Problem to solve:
Return all of the entries exactly, with nothing added or left out.

(Items listed in a dataset)
--- START ---
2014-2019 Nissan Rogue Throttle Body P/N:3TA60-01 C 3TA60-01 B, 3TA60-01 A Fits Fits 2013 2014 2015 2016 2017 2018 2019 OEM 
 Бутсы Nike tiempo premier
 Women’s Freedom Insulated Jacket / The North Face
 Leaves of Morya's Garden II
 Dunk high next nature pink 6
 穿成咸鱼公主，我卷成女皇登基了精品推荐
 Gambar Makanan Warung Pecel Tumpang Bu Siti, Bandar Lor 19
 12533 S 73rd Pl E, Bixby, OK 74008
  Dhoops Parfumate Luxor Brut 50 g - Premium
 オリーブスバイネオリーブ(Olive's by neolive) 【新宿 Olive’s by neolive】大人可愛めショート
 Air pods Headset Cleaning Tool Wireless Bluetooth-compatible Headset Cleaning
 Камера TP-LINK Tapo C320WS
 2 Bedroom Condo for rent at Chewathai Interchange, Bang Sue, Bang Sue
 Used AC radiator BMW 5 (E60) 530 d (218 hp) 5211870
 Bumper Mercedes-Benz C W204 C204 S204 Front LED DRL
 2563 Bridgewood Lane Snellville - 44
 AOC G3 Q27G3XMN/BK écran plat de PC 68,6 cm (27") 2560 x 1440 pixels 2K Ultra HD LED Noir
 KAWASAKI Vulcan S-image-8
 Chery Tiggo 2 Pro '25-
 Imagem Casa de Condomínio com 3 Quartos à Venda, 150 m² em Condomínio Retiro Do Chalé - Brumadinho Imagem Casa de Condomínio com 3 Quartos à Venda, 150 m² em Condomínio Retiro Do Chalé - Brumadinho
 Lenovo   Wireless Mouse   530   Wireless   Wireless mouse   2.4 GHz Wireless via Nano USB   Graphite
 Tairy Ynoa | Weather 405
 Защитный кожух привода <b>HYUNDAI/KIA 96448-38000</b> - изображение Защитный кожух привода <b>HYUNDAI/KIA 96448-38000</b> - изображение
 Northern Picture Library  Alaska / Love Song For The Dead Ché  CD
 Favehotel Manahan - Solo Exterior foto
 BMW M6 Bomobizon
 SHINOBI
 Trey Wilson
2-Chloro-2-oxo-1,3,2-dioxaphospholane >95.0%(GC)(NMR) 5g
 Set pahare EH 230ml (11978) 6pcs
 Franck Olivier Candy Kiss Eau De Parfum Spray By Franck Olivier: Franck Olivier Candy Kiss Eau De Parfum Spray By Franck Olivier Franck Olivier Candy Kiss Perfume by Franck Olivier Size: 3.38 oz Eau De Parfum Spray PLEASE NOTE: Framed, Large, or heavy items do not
--- END ---
Solution to this task:
2014-2019 Nissan Rogue Throttle Body P/N:3TA60-01 C 3TA60-01 B, 3TA60-01 A Fits Fits 2013 2014 2015 2016 2017 2018 2019 OEM 
 Бутсы Nike tiempo premier
 Women’s Freedom Insulated Jacket / The North Face
 Leaves of Morya's Garden II
 Dunk high next nature pink 6
 穿成咸鱼公主，我卷成女皇登基了精品推荐
 Gambar Makanan Warung Pecel Tumpang Bu Siti, Bandar Lor 19
 12533 S 73rd Pl E, Bixby, OK 74008
  Dhoops Parfumate Luxor Brut 50 g - Premium
 オリーブスバイネオリーブ(Olive's by neolive) 【新宿 Olive’s by neolive】大人可愛めショート
 Air pods Headset Cleaning Tool Wireless Bluetooth-compatible Headset Cleaning
 Камера TP-LINK Tapo C320WS
 2 Bedroom Condo for rent at Chewathai Interchange, Bang Sue, Bang Sue
 Used AC radiator BMW 5 (E60) 530 d (218 hp) 5211870
 Bumper Mercedes-Benz C W204 C204 S204 Front LED DRL
 2563 Bridgewood Lane Snellville - 44
 AOC G3 Q27G3XMN/BK écran plat de PC 68,6 cm (27") 2560 x 1440 pixels 2K Ultra HD LED Noir
 KAWASAKI Vulcan S-image-8
 Chery Tiggo 2 Pro '25-
 Imagem Casa de Condomínio com 3 Quartos à Venda, 150 m² em Condomínio Retiro Do Chalé - Brumadinho Imagem Casa de Condomínio com 3 Quartos à Venda, 150 m² em Condomínio Retiro Do Chalé - Brumadinho
 Lenovo   Wireless Mouse   530   Wireless   Wireless mouse   2.4 GHz Wireless via Nano USB   Graphite
 Tairy Ynoa | Weather 405
 Защитный кожух привода <b>HYUNDAI/KIA 96448-38000</b> - изображение Защитный кожух привода <b>HYUNDAI/KIA 96448-38000</b> - изображение
 Northern Picture Library  Alaska / Love Song For The Dead Ché  CD
 Favehotel Manahan - Solo Exterior foto
 BMW M6 Bomobizon
 SHINOBI
 Trey Wilson
2-Chloro-2-oxo-1,3,2-dioxaphospholane >95.0%(GC)(NMR) 5g
 Set pahare EH 230ml (11978) 6pcs
 Franck Olivier Candy Kiss Eau De Parfum Spray By Franck Olivier: Franck Olivier Candy Kiss Eau De Parfum Spray By Franck Olivier Franck Olivier Candy Kiss Perfume by Franck Olivier Size: 3.38 oz Eau De Parfum Spray PLEASE NOTE: Framed, Large, or heavy items do not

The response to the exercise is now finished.